Подвиг Геркулеса совершила научная критика в Германии, за последние 25 лет, очищая эти авгиевы конюшни религиозного и исторического невежества; но если так дальше пойдет, как сейчас, в послевоенном одичании, в «комсомоле», уже не только русском, но и всемирном, то скоро новые горы навоза нагромоздятся в конюшне, и, может быть, сам Геркулес задохнется от смрада.
Иисус – дохристианский, ханаано-эфраимский бог Солнца, Joschua (Древс); Он же – Иисус Навин, или патриарх Иосиф, или Озирис, или Аттис, или Язон; Он же – индийский бог Агни – Agnus Dei, или, наконец, только «распятый призрак» (Робертсон).[28]
Вертится, как в бреду, калейдоскоп всех мифологий или просто глупостей, радужных, на черном поле невежества.[29]
Всем, у кого есть исторический глаз, слух, вкус, обоняние, осязание, бесконечно вероятнее, что такое единственное в мире явление, как Христос, было в действительности, чем то, что оно измышлено, сотворено людьми из ничего, и что неизвестные хитрецы-обманщики или обманутые дураки создали нечто, столь же действительное, но неизмеримо более новое, преобразившее духовный мир человечества, чем система Коперника.[30]
Кто же, кроме самого Иисуса, мог «сочинить», создать Иисуса?

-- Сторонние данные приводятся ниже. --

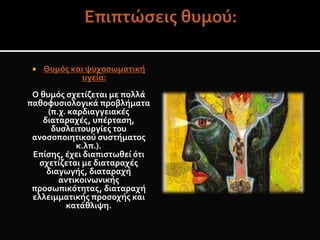  Θυμός και ψυχοσωματική
υγεία:
Ο θυμός σχετίζεται με πολλά
παθοφυσιολογικά προβλήματα
(π.χ. καρδιαγγειακές
διαταραχές, υπέρταση,
δυσλειτουργίες του
ανοσοποιητικού συστήματος
κ.λπ.).
Επίσης, έχει διαπιστωθεί ότι
σχετίζεται με διαταραχές
διαγωγής, διαταραχή
αντικοινωνικής
προσωπικότητας, διαταραχή
ελλειμματικής προσοχής και
κατάθλιψη.
 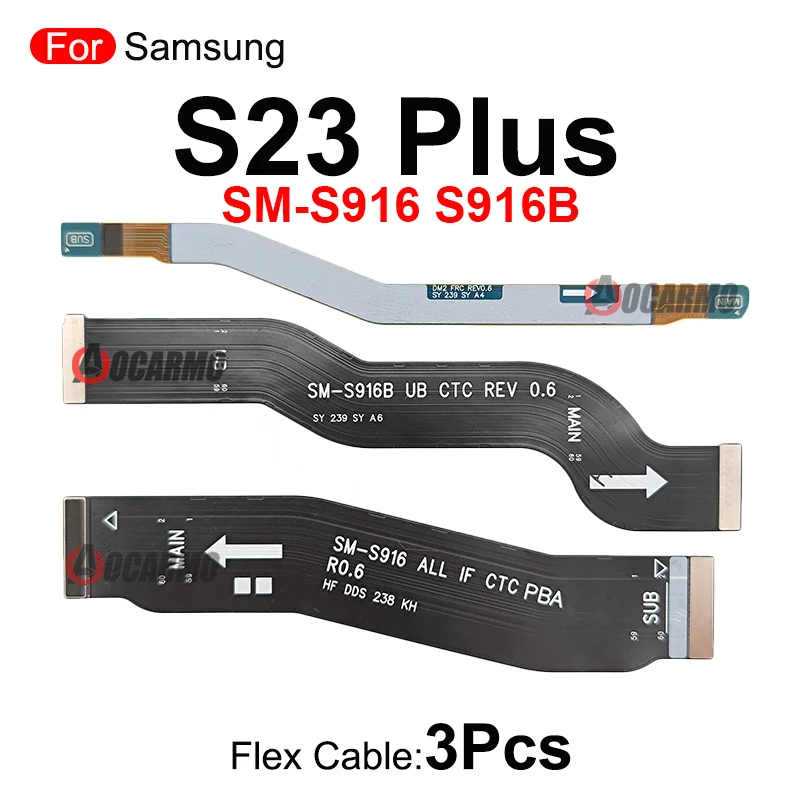 For Samsung Galaxy S23 Ultra Plus S23FE S23+ S911 S916 S918 Signal Antenna Main Board Connector Motherboard & LCD Flex Cable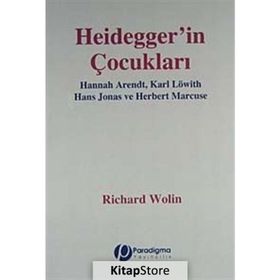 HEIDEGGER'IN ÇOCUKLARI HANNAH ARENDT, KARL LÖWITH, HANS JONAS, HERBERT MARCUSE - GENEL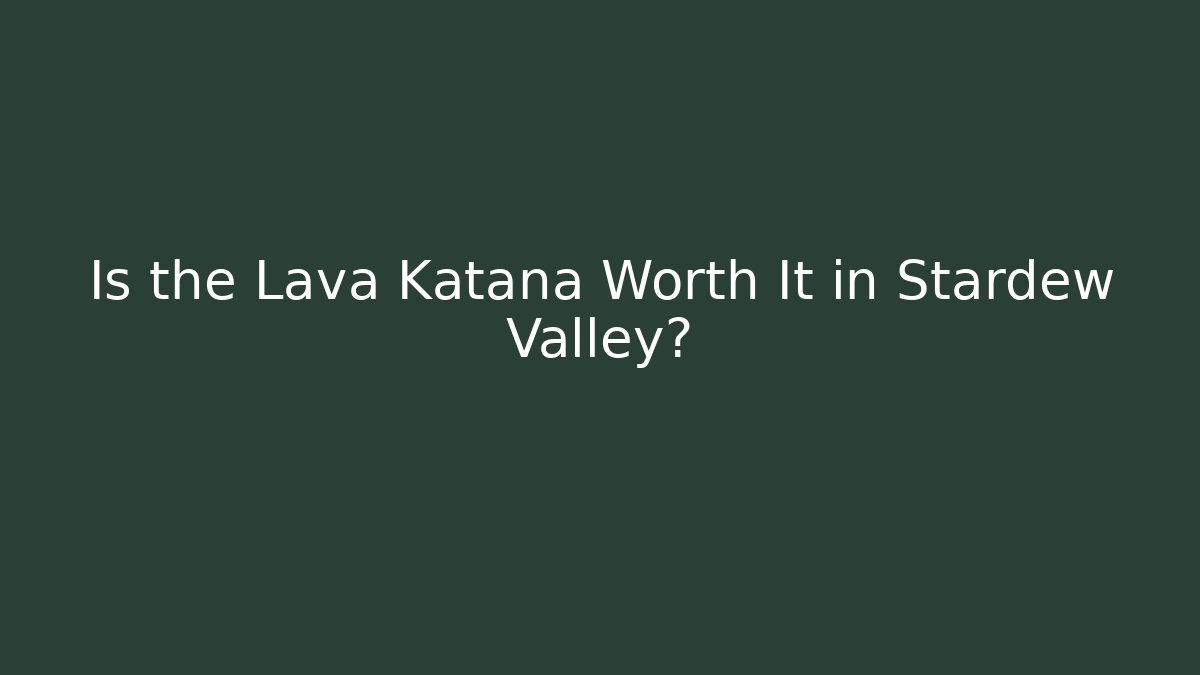 Is the Lava Katana Worth It in Stardew Valley? - Critter Realm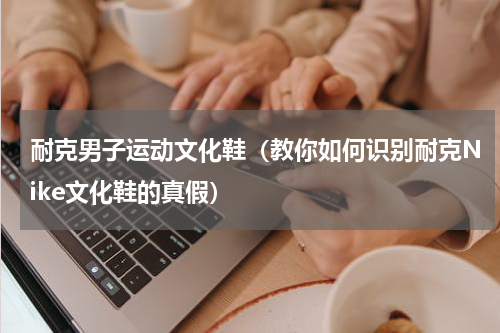 耐克男子运动文化鞋（教你如何识别耐克Nike文化鞋的真假）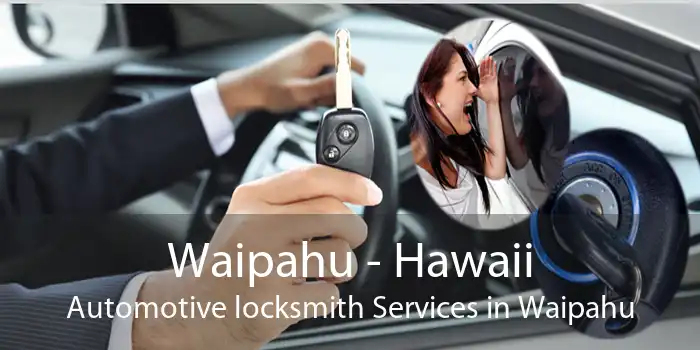 Waipahu - Hawaii Automotive locksmith Services in Waipahu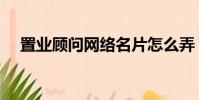 置業顧問網絡名片怎么弄(置業顧問網)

Община простых людей из народа, «сельских и неграмотных»? (Д. А. 4, 13). Это невероятно, но еще невероятнее, чтобы живейший из человеческих образов составлен из разных мифологических веществ в ученой реторте тогдашних философов. А если бы историческую личность Иисуса создавал поэт или целая община поэтов, то это было бы возможно только под тем условием, чтоб поэт изображал в Нем себя самого или община поэтов – себя самое; тогда Иисус – поэт и поэма, творец и творение вместе. Или, другими словами: если бы Иисус не был так велик и даже больше, чем изображают Его евангелисты, то их собственное величие – необъяснимейшее чудо истории. Этим тайна Его только отодвигалась бы и делалась еще неразгаданнее.[31]
Это значит: вопрос, был ли Иисус, – при малейшем углублении, сводится к другому вопросу: мог ли не быть Иисус, если такой образ, как Его, дан в такой книге, как Евангелие?[32]